** Provided material **
BEGIN

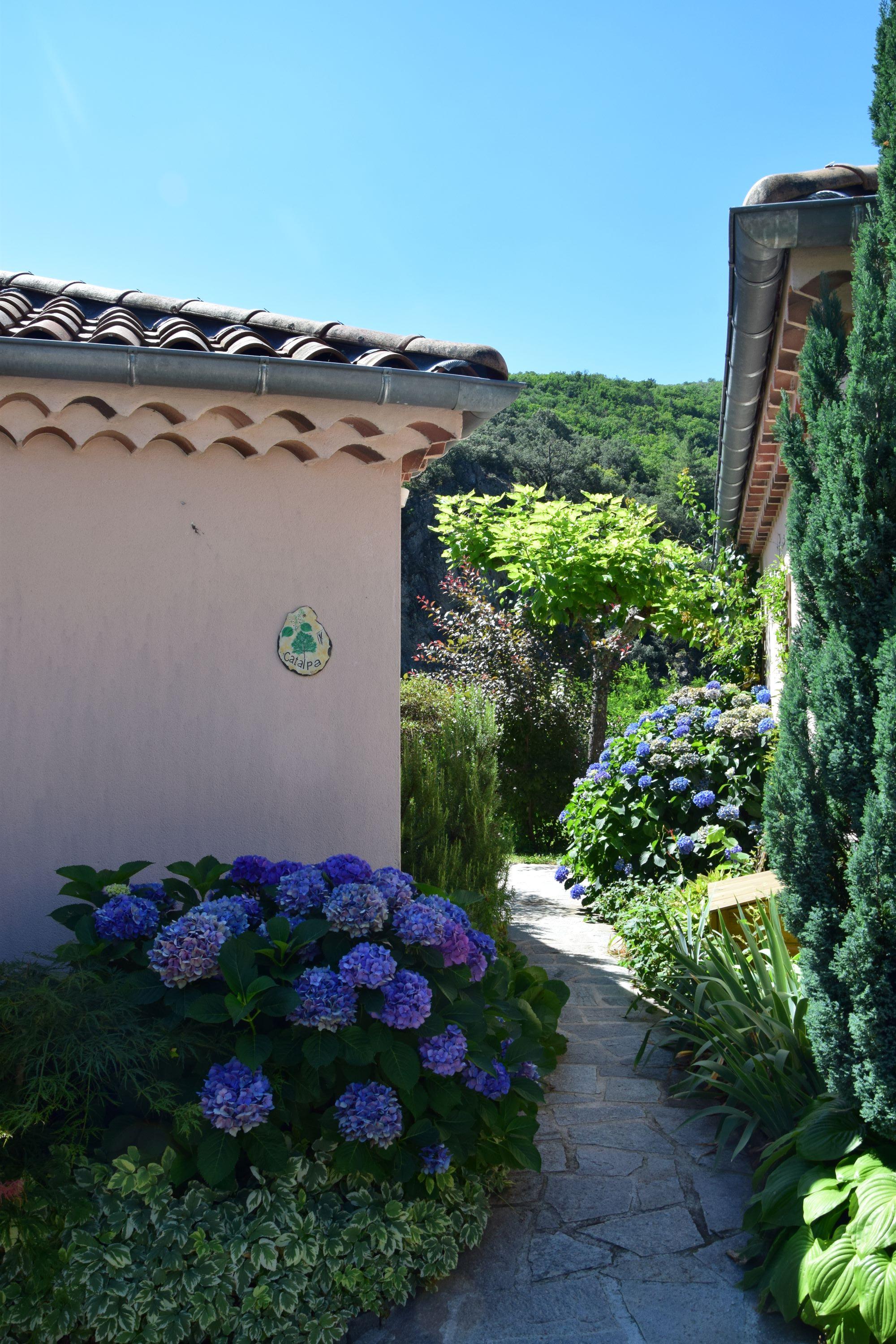 Extérieur - Catalpa - gîtes de Neyrac-les-Bains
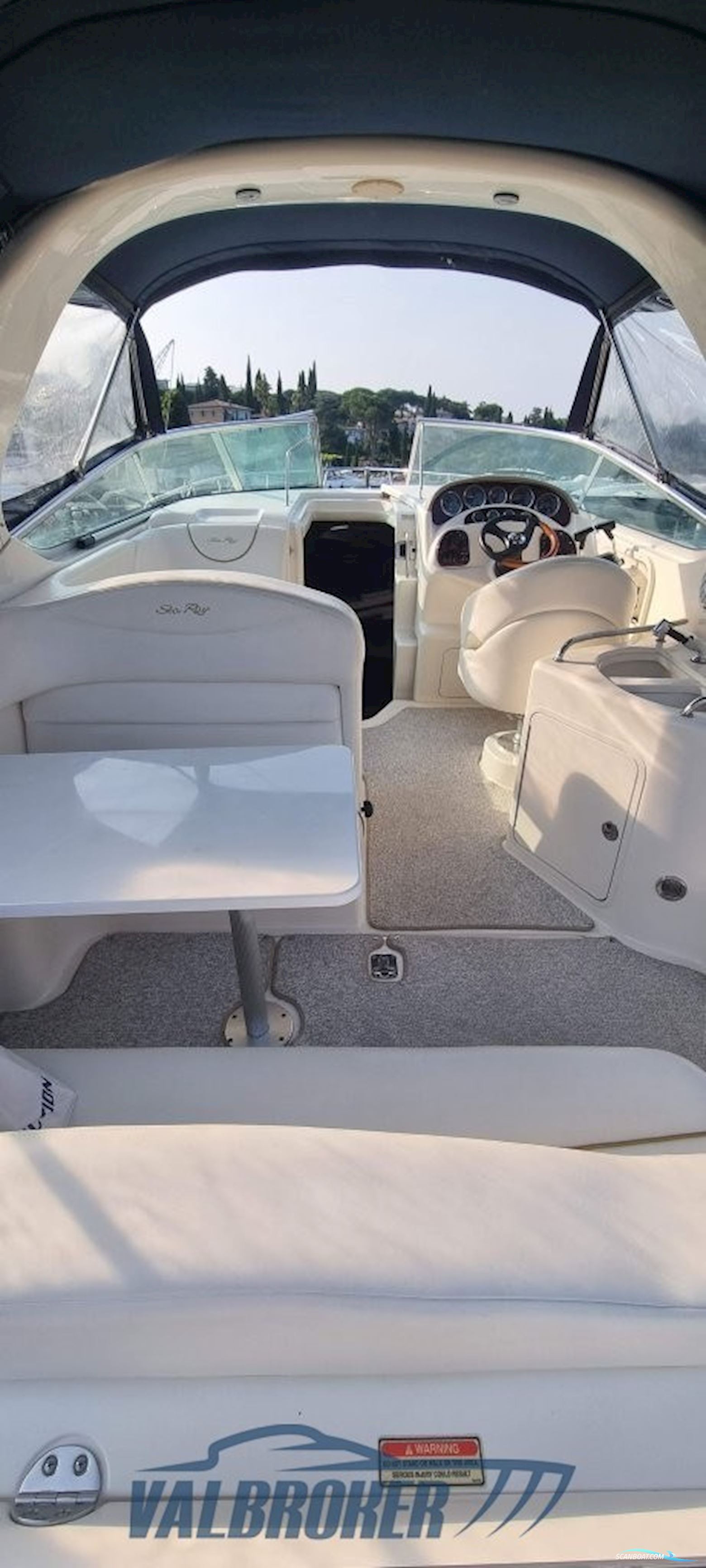 Sea Ray 315 Sundancer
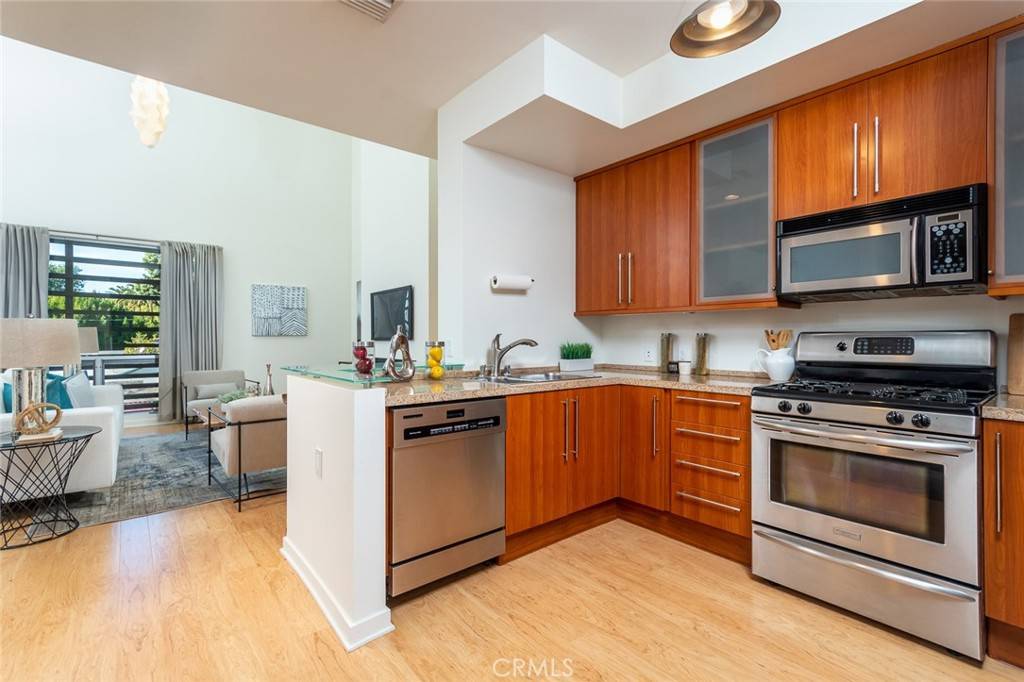 4705 Whitsett AVE #202, Studio City, CA 91604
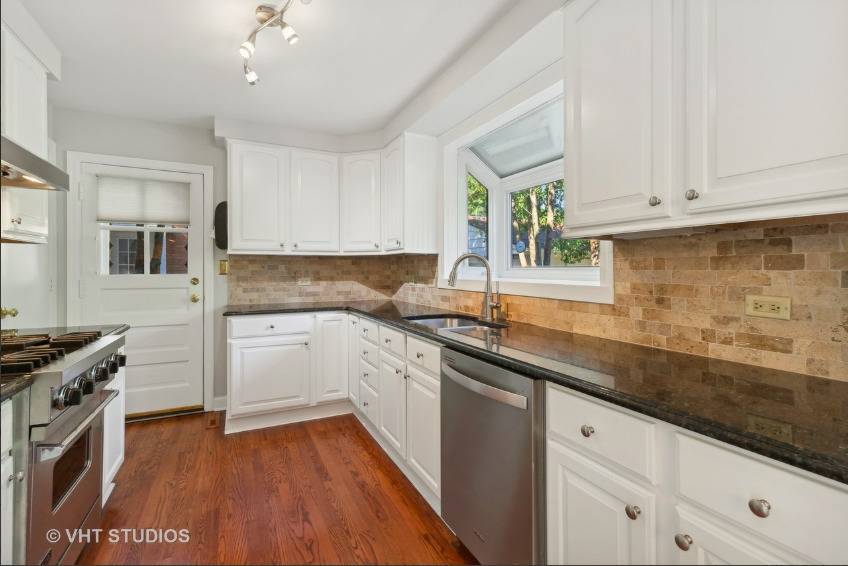 246 Park AVE, Lake Forest, IL 60045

END

** Problem details **
All that is needed is the lines from the line holding "Sea Ray 315 Sundancer" to the final line of the listing above, repeated exactly, pictures excluded.

** Task result **
 Sea Ray 315 Sundancer
 4705 Whitsett AVE #202, Studio City, CA 91604
 246 Park AVE, Lake Forest, IL 60045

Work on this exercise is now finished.